Wielki Brat nie śpi, Wielki Brat czuwa.

Pamiętacie rok 2001? Kiedy część naszej ekipy zdawała maturę na ekranach wszystkich telewizorów królował program Big Brother. Codziennie kilka milionów ludzi zasiadało przed ekranami i śledziło losy stopniowo topniejącej piętnastki uczestników.
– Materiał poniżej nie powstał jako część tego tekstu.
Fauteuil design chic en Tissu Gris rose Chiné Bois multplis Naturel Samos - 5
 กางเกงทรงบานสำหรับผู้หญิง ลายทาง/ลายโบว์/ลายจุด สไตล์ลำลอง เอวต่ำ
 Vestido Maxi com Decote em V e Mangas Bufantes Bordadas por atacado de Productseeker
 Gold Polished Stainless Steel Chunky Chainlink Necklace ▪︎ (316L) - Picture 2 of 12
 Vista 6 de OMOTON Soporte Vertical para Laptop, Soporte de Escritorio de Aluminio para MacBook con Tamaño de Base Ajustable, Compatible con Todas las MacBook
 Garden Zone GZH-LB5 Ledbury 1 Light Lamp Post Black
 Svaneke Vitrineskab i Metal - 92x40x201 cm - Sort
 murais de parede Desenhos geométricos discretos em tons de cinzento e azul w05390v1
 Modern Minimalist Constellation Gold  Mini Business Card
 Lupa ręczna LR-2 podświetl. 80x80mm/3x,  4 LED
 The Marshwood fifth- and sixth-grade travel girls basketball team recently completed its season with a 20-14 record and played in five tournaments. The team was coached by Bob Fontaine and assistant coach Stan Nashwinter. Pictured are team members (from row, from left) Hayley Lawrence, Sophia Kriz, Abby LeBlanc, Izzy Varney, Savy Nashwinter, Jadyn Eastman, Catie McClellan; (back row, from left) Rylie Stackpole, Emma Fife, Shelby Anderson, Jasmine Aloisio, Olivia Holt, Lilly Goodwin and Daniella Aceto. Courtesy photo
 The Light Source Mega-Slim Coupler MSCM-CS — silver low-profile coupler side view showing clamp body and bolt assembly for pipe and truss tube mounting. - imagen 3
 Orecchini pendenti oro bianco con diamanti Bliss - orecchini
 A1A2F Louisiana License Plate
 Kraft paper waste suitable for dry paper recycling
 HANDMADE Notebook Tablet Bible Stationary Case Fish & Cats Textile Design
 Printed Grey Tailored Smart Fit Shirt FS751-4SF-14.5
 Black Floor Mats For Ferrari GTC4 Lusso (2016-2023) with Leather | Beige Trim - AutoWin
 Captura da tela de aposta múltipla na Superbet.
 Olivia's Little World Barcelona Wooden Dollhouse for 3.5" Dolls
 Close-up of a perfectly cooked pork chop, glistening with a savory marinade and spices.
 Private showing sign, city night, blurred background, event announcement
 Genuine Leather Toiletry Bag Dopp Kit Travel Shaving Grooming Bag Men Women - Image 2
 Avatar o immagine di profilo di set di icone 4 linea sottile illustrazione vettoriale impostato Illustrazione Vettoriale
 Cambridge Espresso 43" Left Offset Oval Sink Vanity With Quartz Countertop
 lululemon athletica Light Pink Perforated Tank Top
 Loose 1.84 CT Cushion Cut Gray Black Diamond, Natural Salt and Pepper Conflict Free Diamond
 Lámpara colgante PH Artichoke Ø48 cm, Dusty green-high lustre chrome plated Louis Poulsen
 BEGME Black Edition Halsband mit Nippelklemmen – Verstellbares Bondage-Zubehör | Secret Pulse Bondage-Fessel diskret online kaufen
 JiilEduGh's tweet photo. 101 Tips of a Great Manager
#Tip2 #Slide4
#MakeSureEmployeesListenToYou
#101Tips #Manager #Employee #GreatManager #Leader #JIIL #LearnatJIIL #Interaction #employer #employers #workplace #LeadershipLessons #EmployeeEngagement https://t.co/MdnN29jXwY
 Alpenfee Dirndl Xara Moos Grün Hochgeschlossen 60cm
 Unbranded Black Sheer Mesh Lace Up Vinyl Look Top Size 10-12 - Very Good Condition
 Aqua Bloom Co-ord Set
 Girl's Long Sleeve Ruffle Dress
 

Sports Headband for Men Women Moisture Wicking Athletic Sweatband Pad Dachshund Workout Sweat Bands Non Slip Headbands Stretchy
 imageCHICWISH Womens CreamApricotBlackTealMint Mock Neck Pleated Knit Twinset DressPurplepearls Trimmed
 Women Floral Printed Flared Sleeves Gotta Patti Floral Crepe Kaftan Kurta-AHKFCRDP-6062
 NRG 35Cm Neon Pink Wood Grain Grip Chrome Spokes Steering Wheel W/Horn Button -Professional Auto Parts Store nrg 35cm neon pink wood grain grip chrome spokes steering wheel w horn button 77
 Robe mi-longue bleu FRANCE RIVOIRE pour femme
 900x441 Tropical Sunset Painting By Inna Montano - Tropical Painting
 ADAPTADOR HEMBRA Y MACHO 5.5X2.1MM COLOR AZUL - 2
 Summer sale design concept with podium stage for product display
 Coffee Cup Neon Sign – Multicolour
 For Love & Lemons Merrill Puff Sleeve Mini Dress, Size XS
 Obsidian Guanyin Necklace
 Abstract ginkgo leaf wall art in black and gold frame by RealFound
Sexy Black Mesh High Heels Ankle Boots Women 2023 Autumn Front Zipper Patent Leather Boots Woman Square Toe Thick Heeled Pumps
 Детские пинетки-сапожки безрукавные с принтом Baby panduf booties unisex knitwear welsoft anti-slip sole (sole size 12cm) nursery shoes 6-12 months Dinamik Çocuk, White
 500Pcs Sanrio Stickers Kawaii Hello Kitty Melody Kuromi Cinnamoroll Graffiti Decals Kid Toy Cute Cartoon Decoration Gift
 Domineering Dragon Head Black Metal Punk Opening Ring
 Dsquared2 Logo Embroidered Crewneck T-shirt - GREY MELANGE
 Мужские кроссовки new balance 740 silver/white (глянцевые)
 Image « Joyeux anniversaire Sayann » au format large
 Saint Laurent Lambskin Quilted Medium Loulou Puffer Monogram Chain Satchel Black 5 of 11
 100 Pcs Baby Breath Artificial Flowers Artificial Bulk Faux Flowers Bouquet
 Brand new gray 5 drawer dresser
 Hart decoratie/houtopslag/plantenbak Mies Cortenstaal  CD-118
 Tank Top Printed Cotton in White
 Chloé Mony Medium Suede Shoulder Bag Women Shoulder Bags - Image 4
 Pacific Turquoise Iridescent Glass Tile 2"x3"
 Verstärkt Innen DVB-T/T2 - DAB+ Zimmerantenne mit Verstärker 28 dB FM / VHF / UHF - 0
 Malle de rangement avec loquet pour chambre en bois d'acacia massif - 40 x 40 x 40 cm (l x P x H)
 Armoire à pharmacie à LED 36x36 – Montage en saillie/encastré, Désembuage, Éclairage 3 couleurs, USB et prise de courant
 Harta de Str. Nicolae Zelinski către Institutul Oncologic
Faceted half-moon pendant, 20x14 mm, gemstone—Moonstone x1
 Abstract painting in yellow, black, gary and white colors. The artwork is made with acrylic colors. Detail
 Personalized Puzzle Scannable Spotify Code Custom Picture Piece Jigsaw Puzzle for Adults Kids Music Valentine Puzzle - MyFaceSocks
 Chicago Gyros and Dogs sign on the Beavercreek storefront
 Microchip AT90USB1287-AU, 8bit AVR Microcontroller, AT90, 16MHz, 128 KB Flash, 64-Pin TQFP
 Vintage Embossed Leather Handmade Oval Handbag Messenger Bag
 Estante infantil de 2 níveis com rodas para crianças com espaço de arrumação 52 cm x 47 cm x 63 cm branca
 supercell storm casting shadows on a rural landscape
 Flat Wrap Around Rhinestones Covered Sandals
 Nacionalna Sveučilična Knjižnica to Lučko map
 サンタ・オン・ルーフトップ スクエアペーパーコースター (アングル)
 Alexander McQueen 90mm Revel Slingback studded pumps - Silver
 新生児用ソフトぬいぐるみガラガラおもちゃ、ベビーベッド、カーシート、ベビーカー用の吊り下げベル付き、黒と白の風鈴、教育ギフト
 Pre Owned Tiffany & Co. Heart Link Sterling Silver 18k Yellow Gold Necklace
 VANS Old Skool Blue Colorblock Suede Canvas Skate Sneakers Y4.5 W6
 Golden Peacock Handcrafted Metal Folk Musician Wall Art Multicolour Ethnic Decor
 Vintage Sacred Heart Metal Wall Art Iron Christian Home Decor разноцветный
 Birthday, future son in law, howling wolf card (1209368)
Sama idea „zamykania” ludzi w domu Wielkiego Brata powstała w Holandii w roku 1997, a pierwsze reality show zainspirowane kultową książką Georga Orwella wyemitowano w tym kraju dwa lata później. Olśniewający sukces pionierskiej edycji szybko zachęcił telewizje z całego świata do zakupu jego licencji. W ciągu zaledwie kilku lat show wyprodukowano w ponad 70 (!) różnych wersjach. Najbardziej kontrowersyjne, a zarazem najsłynniejsze okazały się być oczywiście edycje anglojęzyczne. Bohaterowie ze Stanów Zjednoczonych i Wielkiej Brytanii mieli to szczęście, że w przeciwieństwie do swoich „kolegów” z na przykład Brazylii czy Izraela otarli się o międzynarodową sławę (albo choć o rozpoznawalność). Ciekawostką o której wspomina mało osób jest to, że niektóre kraje łączyły swoje siły i wspólnie organizowały edycje lokalne. W ten oto sposób powstały eksperymentalne wersje, które okazały się ciekawymi przykładami ze względów biznesowych i kulturowych. Sponsor edycji afrykańskiej miał okazję dotrzeć równocześnie do odbiorców w aż 14 krajach, a bogaci Skandynawowie zawęzili swoje grono zaledwie do Norwegii i Szwecji. Co ciekawe nasze stereotypowe skojarzenia z krajami oraz ich statusem materialnym nie miały dość wielkiego znaczenia przy tworzeniu scenariusza. W arabskiej edycji Wielkiego Brata wzięli udział uczestnicy zarówno z niepewnej politycznie Somalii jak również z konserwatywnej i bogatej Arabii Saudyjskiej.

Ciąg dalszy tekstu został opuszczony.